Porat's protagonists, whether celibate, faithfully married, or adulterers, are all men without women. Yehuda Etrogi, who emigrated to Israel before the Holocaust and was a hero of the elite Palmach during the War of Independence, lives alone guarding distrustful kibbutzim in the "Guardian of the Fields". Clara, a young volunteer, briefly enters and leaves his life without explanation. The title character of "The Farming Instructor", who has dedicated his life to improving farming techniques, marries at age 55, only to see his young wife abandon him and their infant daughter, also without explanation. Yinon Yehudai, title character of "The Aging Poet", escorts his mistress, a young American translator, around Tel Aviv, trying to find a place for a tryst which she will not let take place. Ben Niflay's wife is "poor", "wretched", an object of pity, not passion; Ayalla satisfies Goel Zikhrony's sexual desire but troubles him with questions about her husband's death; Zikhri Ben Yehuda's sexual biography is little more than memories of a flirtation of his youth. In the desert where Porat's characters live, women are, like "truth" as best a mirage of happiness and respite.

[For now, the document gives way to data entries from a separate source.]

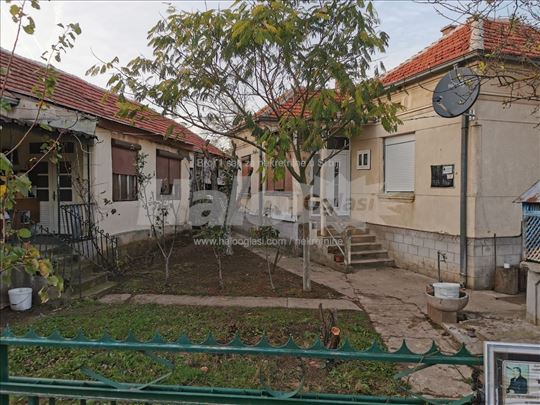 Kuća sa poljoprivrednim zemljištem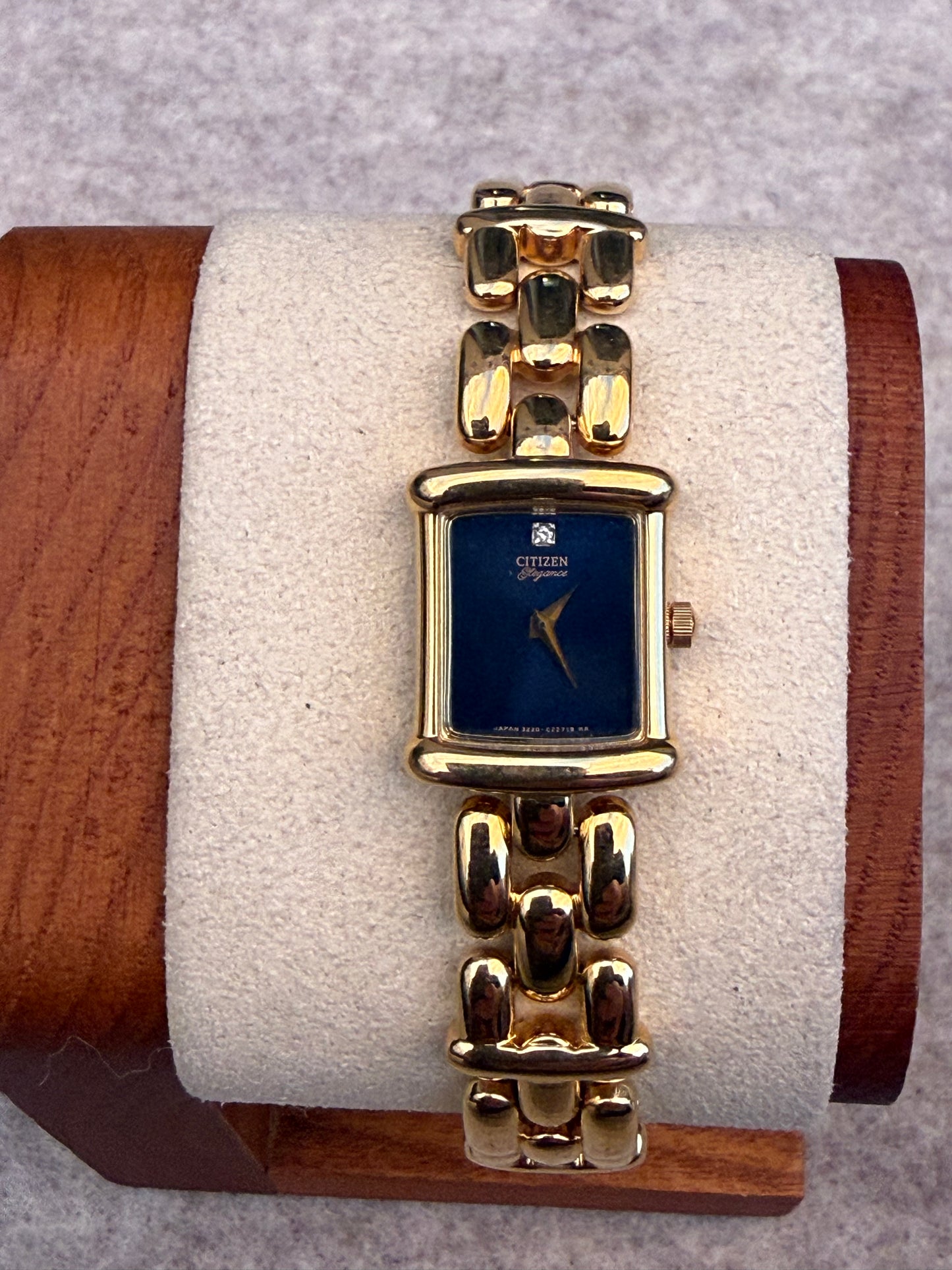 Citizen Quartz Gold-Tone Bracelet Watch | June 1985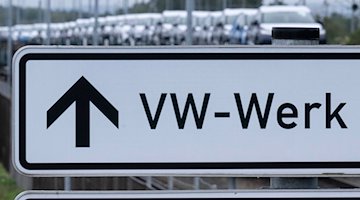 A sign shows the way to the Volkswagen plant in Zwickau / Photo: Hendrik Schmidt/dpa/Archivbild
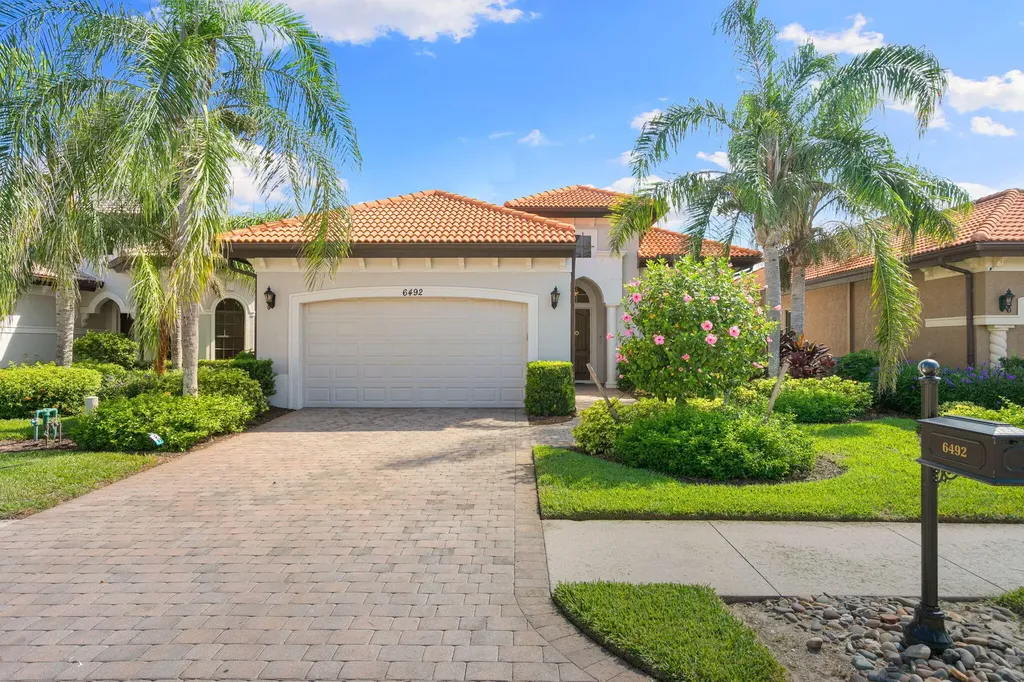 6492 Caldecott Drive Naples FL 34113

Porat's characters are the builders of modern Israel - the farmer, the kibbutz factory worker, the citizen soldier. Yet the world they have helped to build is unconcerned with their existence, indifferent to their happiness. The portrait that Porat paints of this world is disturbing, particularly to American Jews raised on Exodus (the one with Paul Newman, not Moses), the myth of Alyah - that through the heroic struggle of (re)building Israel all personal, political, and spiritual needs unite and are fulfilled.

The Messiah of La Guardia, however, is not simply, or even principally, social commentary. Although his stories are grounded in the history of modern Israel, and particularly, its many wars, Porat, psychologist and historian, has the novelist's eye: like his Czech counterpart, Milan Kundera, he is as interested in how the universal articulate the spiritual, as in how politics fails to articulate the spiritual, as in how politics shapes the individual. If there is any spiritual fulfillment in The Messiah of La Guardia, it comes from the author's respect for the unknowable in a world of violent definitions.